Thank you for your input!
Angela

One of my neighbors, a compound heterozygous for MTHFR 677 and 1298, exhibits this exact same problem, of being very sensitive to small amounts of anything that might benefit her (ex, methylfolate). She always needs to start very slowly whatever it is. So, I totally understand where you are coming from. While genetics might suggest the need for increased levels of methylfolate, for instance, it doesn't say anything about how much one should take. At the end of the day, that is up to each individual to figure out.

I agree with you! That's why genetic testing is important. And that's why algorithmic guidelines can be created, of which the heartfixer website is a perfect example. Interestingly enough, however, richvank open label study with Dr. Neil Nathan seems to suggest that individualized treatment is not so important and that many people with ME respond decently to the simplified methylation protocol.

I am afraid I have to disagree here. Gene expression (epigenetics) appears to have at least as much importance as genetics. In my case, for example, my only MTHFR mutation is the somewhat less important A1298C (heterozygous). However, to feel better, I have to take tons of methylfolate. For this reason, I decided that it would be a good idea to do the Doctor's Data Methylation Panel and see what the heck is going on (I am still waiting for the results.)

PS. Collective wisdom is born out of disagreement. If we all agreed on everything, no one would be able to learn anything from each other. As such, I don't see lack of consensus as being a bad thing.
 

nanonug

Senior Member
Messages
1,709
Location
Virginia, USA
I didn't see that his [richvank] study suggested everyone could be treated the same.

Based on the info I got from watching the Sweden videos, I believe that in the first 6 months everyone got the same treatment. I guess Rich could disprove if he's around. Rich? :)

He proved that the tests would normalize but that did not mean the patients recovered. Some recovered fully while others recovered 50% and others much less.

Well, this is what one would expect from any intervention, no?

I see the shades of gray.

Ah! Remember when I told you I had a somewhat autistic brain? I was not joking! Things for me tend to be much more black/white than grey. I'm an applied science dude, not a poet! :)

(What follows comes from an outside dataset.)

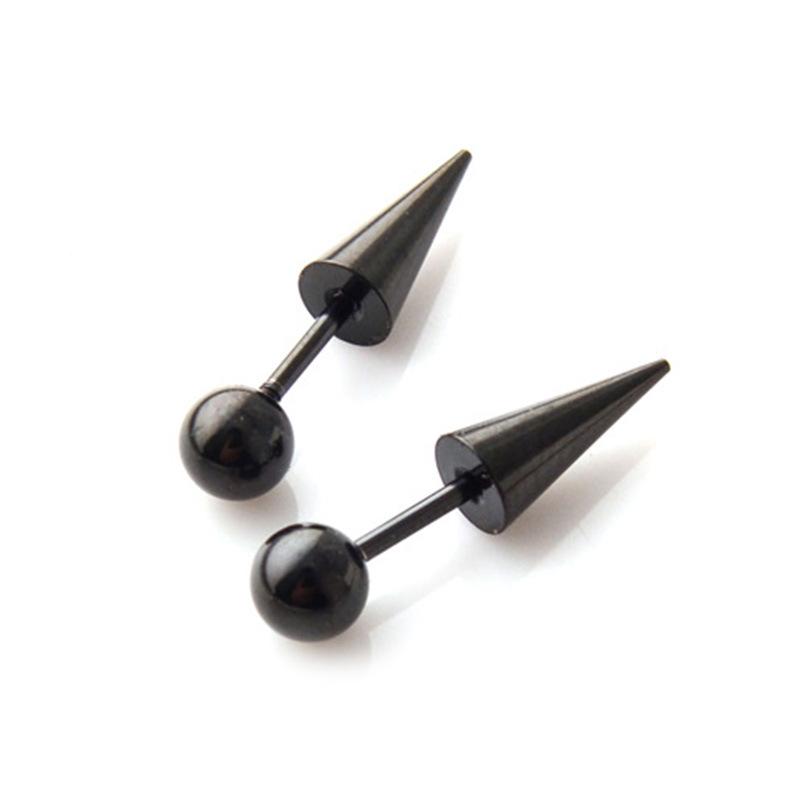 Trendy Titanium Steel Spike Earrings: Punk Gothic Irregular Stud for Men and Women.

As for your need for more active folate, if you had the entire methylation panel done and aren't merely piecing it together with a few of the genes, there may be transport issues, or something like Freddd.

Well, 23andme covers at least 24 out of 32. Not too bad for the price I paid, considering that I get access to almost 1 million SNP's. For example, thanks to 23andme, I know I have a homozygous screw up in the PON1 gene (cannot tolerate organophosphates/pesticides - all food is organic from now on). I also know that I am heterozygous for a variation in the PRF1 gene, leading to decreased perforin effectiveness.

As for consensus. You are funny! Thankyou, I got a true chuckle here.

Hey, some people believe that laughter is therapeutic. I'll PM you the bill for the treatment! :)

You seem to be backtracking away from your own point here. You were using "consensus" as a way to make the point that we could all construct are own programs from this collective wisdom. I pointed out that this collective wisdom didn't really exist and you now use this as a way to argue that differing opinions all contribute to our diversity.

Are you familiar with prediction markets? For example, Intrade currently shows "Barack Obama to be re-elected President in 2012" at 59.9%. This is a result of "collective wisdom". However, there is no consensus.

I certainly couldn't create a good plan based on this.

Nothing in life is deterministic. The best we can do is try to achieve outcomes that, on average, are better than the alternatives. This is why the probabilistic "collective wisdom" is not only sufficient but, in my opinion, the only possibility.

This discussion is starting to sound seriously off-topic and to be honest with you, I don't know if it adds anything of value to the group. Maybe we should just agree to disagree on the "collective wisdom" thing and move on?